The Gift of a Crisis

By Mary Hunt

September 18, 2019 5 min read

It was the worst day of my life. Not one of the worst days. Not a day where not one thing seems to go right. Worse than that. Worse than any day I'd ever experienced before that day. Worse than any day since. And I would say that, like most people, I've had some real doozies.

We were four months behind on our mortgage. All of the credit accounts were maxed to the hilt. We had bills on top of bills, collections up the wazoo. We had no money, and worse, no jobs. Not one between us. Nothing coming in. I hate to tell you how much credit card debt I'd run up and the size of our mortgage and automobile leases. It was really, really bad.

This was not a crisis that developed overnight. It started gradually, of course.

Not many people start out in financial trouble. Neither did I. It happened quite innocently, really.

Over the years, one thing led to another, and the whole thing began to speed up. I always told myself everything would work out. Somehow it would. It had to.

But it didn't.

Instead, the proverbial perfect storm gathered despite all of my brilliant plans, schemes and dreams. I thought I had it all under control. But I didn't.

I couldn't stop it.

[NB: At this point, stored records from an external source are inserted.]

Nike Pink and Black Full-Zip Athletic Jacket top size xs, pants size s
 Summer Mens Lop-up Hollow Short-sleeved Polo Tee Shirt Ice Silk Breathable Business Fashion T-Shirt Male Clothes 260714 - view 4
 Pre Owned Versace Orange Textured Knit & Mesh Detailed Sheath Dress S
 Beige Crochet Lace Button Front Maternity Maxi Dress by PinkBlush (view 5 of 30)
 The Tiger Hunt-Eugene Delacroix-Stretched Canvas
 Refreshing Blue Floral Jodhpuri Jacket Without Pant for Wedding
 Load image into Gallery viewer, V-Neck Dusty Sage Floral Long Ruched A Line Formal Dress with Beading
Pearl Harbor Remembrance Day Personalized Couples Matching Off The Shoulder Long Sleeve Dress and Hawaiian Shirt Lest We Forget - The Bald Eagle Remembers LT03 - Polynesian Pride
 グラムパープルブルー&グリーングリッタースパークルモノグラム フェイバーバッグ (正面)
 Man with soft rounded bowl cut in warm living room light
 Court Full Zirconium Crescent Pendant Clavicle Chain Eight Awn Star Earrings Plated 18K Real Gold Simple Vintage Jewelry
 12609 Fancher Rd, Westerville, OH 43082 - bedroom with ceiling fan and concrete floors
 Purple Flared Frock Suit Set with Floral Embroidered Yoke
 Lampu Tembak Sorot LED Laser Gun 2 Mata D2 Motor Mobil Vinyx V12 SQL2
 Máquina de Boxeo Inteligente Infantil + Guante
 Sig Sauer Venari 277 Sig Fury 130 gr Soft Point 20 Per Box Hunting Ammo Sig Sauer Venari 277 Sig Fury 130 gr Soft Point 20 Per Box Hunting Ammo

It brought me down to a very deep and dark place. It changed my life.

My worst day happened more than 30 years ago, but it seems like only yesterday. That's how much it has not faded, how poignant it remains to this day.

Only recently did I come to terms with that time in my life. I've peeled away the shame, sorrow and guilt.

Do you know what I've found under all of that? Joy, peace and gratitude for the crisis.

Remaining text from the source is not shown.